Le dumping logistique qui favorise les importations chinoises
Les plateformes chinoises comme Shein et Temu prospèrent non pas grâce à une stratégie commerciale brillante, mais par une distorsion des règles économiques, exploitant des tarifs postaux dérisoires et une logistique optimisée. Ce système a un impact profond sur le commerce local et l’environnement, menaçant ainsi l’économie européenne. Il est temps de réagir. Par Rémi Lantieri-Jullien CMO Upela (*) dans La Tribune
Le succès de plateformes comme Shein ou Temu repose moins sur leur génie commercial que sur une distorsion massive des règles du jeu. Grâce à une logistique ultra-optimisée et des tarifs postaux dérisoires, ces géants chinois inondent l’Europe de produits à bas coût, parfois vendus à perte, sans qu’aucune régulation ne vienne véritablement équilibrer la concurrence. Ce dumping logistique est un poison lent pour nos commerçants, pour notre tissu économique local, et pour l’environnement.
Derrière les prix défiant toute concurrence se cache une stratégie bien rodée. Les produits vendus sur Temu ou Shein sont proches du prix usine. Leurs frais annexes – marketing, structure, logistique – sont réduits à l’extrême. Ils bénéficient d’accords de mutualisation logistique très avantageux, du type de ceux que seules des plateformes massivement fréquentées peuvent négocier. Résultat : des prix de livraison à l’international si faibles qu’ils défient toute logique économique.

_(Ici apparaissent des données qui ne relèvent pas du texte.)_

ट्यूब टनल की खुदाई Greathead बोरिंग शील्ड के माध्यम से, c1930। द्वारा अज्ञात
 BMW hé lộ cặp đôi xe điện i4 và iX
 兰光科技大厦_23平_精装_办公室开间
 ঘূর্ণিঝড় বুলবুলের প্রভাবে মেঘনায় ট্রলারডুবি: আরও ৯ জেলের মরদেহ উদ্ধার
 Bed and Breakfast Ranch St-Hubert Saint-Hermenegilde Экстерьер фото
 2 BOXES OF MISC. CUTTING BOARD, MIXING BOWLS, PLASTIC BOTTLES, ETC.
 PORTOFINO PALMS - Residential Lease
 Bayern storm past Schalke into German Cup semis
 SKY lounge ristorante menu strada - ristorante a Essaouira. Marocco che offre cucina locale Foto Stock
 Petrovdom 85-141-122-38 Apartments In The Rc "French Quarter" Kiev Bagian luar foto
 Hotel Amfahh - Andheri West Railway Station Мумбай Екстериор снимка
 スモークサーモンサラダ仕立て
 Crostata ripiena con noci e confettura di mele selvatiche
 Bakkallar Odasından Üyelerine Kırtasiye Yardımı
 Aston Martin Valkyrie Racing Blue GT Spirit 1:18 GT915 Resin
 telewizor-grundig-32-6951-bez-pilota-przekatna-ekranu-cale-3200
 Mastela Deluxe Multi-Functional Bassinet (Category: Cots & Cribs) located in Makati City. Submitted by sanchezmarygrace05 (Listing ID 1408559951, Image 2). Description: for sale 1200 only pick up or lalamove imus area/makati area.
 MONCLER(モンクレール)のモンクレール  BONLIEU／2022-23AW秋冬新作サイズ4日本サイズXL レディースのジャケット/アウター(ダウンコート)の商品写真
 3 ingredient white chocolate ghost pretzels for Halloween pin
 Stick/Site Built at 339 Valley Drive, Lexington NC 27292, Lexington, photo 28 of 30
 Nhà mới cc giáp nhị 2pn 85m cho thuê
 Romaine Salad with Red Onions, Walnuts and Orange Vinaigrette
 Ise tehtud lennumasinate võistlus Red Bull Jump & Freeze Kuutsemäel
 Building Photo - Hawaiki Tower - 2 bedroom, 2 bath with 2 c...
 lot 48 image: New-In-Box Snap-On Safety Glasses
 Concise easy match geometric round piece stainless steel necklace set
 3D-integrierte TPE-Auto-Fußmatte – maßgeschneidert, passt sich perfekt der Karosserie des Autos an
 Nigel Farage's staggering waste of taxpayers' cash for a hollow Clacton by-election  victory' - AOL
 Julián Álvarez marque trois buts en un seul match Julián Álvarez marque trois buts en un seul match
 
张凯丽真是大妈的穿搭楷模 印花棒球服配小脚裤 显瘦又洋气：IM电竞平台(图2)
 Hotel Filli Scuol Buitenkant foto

Le cœur de cette absurdité : les tarifs ultra préférentiels accordés par l’Union Postale Universelle aux pays en développement. Ironie de l’histoire, la Chine en bénéficie encore largement. Résultat : faire venir une brosse à dents ou une coque de téléphone de l’autre bout du monde coûte parfois moins cher qu’un timbre local. À cela s’ajoutent les stratégies de micro-entreposage et la fragmentation volontaire des colis pour rester sous le seuil des 150 euros, seuil en dessous duquel les droits de douane sont inexistants ou très limités.
La France ne peut plus rester passive. Les effets sont connus : nos commerçants ne peuvent plus rivaliser, les recettes fiscales échappent à l’État, et l’impact écologique de ces envois fragmentés, souvent aériens, est désastreux. À titre d’exemple, la livraison d’un même produit depuis la Chine génère un coût carbone au moins 16 fois supérieur à celui d’un produit transporté par voie maritime – un chiffre qui atteint même jusqu’à 200 fois plus lorsqu’on privilégie le transport aérien. D’un point de vue environnemental, chaque colis « à 1 euro » représente ainsi un désastre écologique considérable.
Il est temps d’imposer la vérité des prix, notamment en matière de transport. Cela passe par la fin des exemptions douanières sur les petits colis, mais surtout par une refonte des tarifs postaux internationaux. Il ne s’agit pas de fermer les frontières, mais d’exiger une équité élémentaire : à produit égal, conditions équitables. Et si cela pousse les plateformes à ouvrir des entrepôts en Europe, tant mieux : cela créera de l’emploi et permettra un meilleur contrôle.
Offrir un coût de transport loyal, c’est donner une chance aux acteurs locaux. C’est favoriser l’émergence de modèles durables. Et surtout, c’est une source de richesse et de développement pour nos économies locales, en France comme en Europe.
(*) Rémi Lantieri est diplômé de l’ISEG et de la Dublin Business School, et enseigne aujourd’hui la data intelligence à l’ISEG Paris.